Bank Indonesia mencatat, pada triwulan I-2023, neraca transaksi berjalan Indonesia surplus sebesar 3,0 miliar dollar AS atau 0,9 persen dari PDB. Surplus tersebut melanjutkan capaian neraca transaksi berjalan pada triwulan IV-2022 yang surplus sebesar 4,2 miliar dollar AS atau 1,3 persen dari PDB.
Irman menambahkan, dalam waktu dekat, pelemahan neraca berjalan diperkirakan akan memberikan tekanan pada rupiah mengingat ketidakpastian keuangan global semakin menguat. Pada triwulan III-2023, rata-rata nilai tukar rupiah terhadap dollar AS diperkirakan sebesar Rp 15.352. Hal itu mencerminkan kemungkinan depresiasi lebih lanjut dalam beberapa bulan mendatang.
RI dan Peru
Untuk menumbuhkan pasar ekspor ke depan, Indonesia memperkuat kemitraan dengan sejumlah negara pasar ekspor tradisional. Salah satunya dengan membuat perjanjian Kemitraan Ekonomi Komprehensif Indonesia-Peru (IP CEPA). IP CEPA diluncurkan Menteri Perdagangan RI Zulkifli Hasan dan Menteri Perdagangan Luar Negeri dan Pariwisata Peru Juan Carlos Mathews Salazar secara virtual pada Selasa (15/8/2023).

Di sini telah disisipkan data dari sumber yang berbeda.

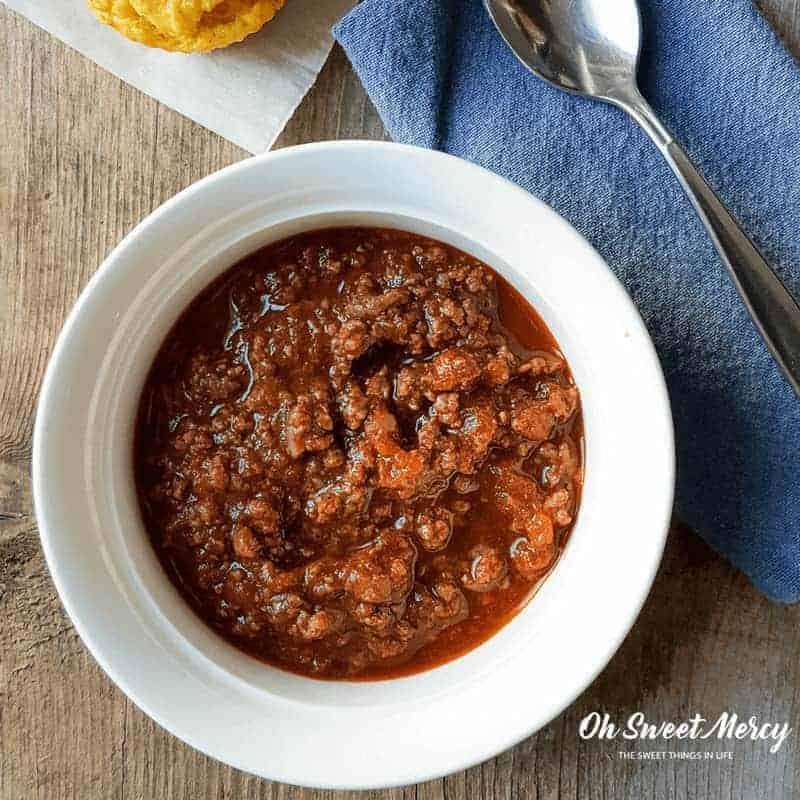 This Quick & Chunky Instant Pot Chili is a fast family favorite in my house. Make it to suit THM S, E, and FP style meals.#easy #instantpot #thm #recipes #frugal #lowfat #lowcarb #chili #ohsweetmercy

Zulkifli menuturkan, IP CEPA merupakan salah satu upaya pemerintah meningkatkan ekspor ke pasar ekspor nontradisional. IP CEPA diharapkan dapat memberikan manfaat yang signifikan bagi Indonesia dan Peru, serta mendorong pertumbuhan ekonomi yang berkelanjutan di kawasan Asia dan Amerika Selatan.
”Kami sepakat menargetkan perundingan IP CEPA putaran pertama pada akhir tahun ini. Indonesia berharap perundingan perdagangan barang dalam IP CEPA dapat kelar dalam setahun,” tuturnya melalui siaran pers.
Berdasarkan data Kementerian Perdagangan, pada Januari-Mei 2023, nilai ekspor nonmigas RI ke Peru sebesar 158,4 juta dollar AS, sedangkan nilai impor RI dari Peru 33,3 juta dollar AS. Dalam lima tahun terakhir (2018-2022), RI selalu membukukan surplus perdagangan dengan Peru dengan tren surplus sebesar 21,8 persen.
Pada 2022, ekspor RI ke Peru mencapai 442,7 juta dollar AS dan impor RI dari Peru 11,8 juta dollar AS. Produk ekspor utama Indonesia ke Peru, antara lain, kendaraan bermotor, alas kaki, pupuk mineral, biodiesel, dan tisu. Adapun komoditas impor utama RI dari Peru adalah biji cokelat, pupuk mineral, batubara, anggur, dan ekstrak sayuran.